Day 33: Smelting
felt bad today but not nearly as bad as yesterday. We start today with
Mike B loading up the crucible with the gold powder and also some other
bits and pieces to make sure it is purified and forms an ingot. Then the
furnace is loaded with hot coals and charcoal and the bellows put in.
We all take it in turns to man the bellows and spend the day trying to
raise and maintain the temperature.
I think about how
we could measure the temp, or at least show that the temp is rising. Try
out a range of experiments to make a thermocouple, but although the ideas
work the indication on our metre was very small and basically useless.
I do, however, have a real Rough Science brainwave! I realise that I could
use the tungsten filament from a standard house light-bulb as a resistance
thermometer. So I carefully break a bulb and leave the filament in tact.

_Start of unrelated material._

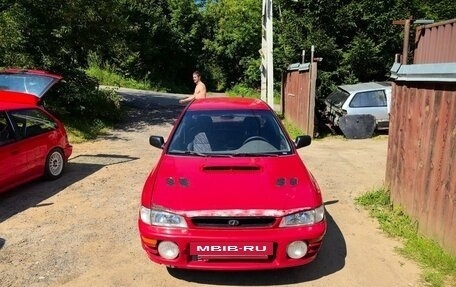Subaru Impreza IV, 1995 год, 650 000 рублей, 6 фотография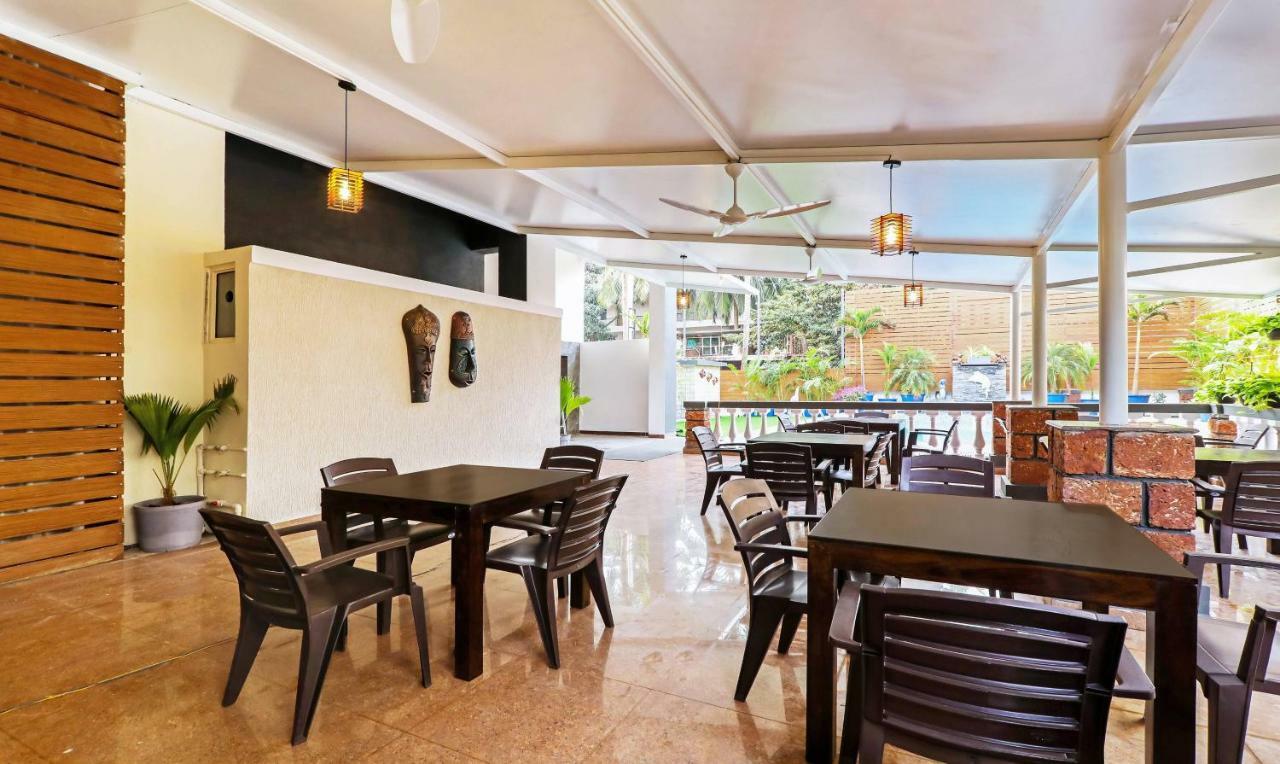 Treebo Premium Dona Eliza, 700 Metres From Calangute Beach Екстер'єр фото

Then I wire this to the metre set to read resistance. At room temp the
resistance is low, about 20 ohms. But on heating with a cigarette lighter
it goes way up to about 1000 ohms. So I wire the bulb up as well as I
can and then put it into the furnace via the chimney. I wanted to see
if we could measure the temp going up when we operated the bellows for
a while. This we did and the metre pointer certainly did move around as
the bellows were pimped showing the temperature changing.
we want to know what temp it is as near as possible to the crucible. At
least, we want to know if we are hot enough in principle to melt gold.
So what we did was to put a copper ring (securely tied to an iron wire)
onto the end of a piece of iron rod and push it into the hot coals near
to the crucible. We removed the iron rod but had the wire to pull out
the ring later on. Now copper melts about 20 degrees higher than gold.
When we removed the iron wire a little later we found that the copper
had melted it. This told us that we had indeed reached the melting point
of gold in our furnace!!
Knowing that the furnace
was hot enough we felt very pleased about our efforts. We kept on pumping
the bellows till the end of the day and then left the furnace with our
precious cargo of gold to cool overnight.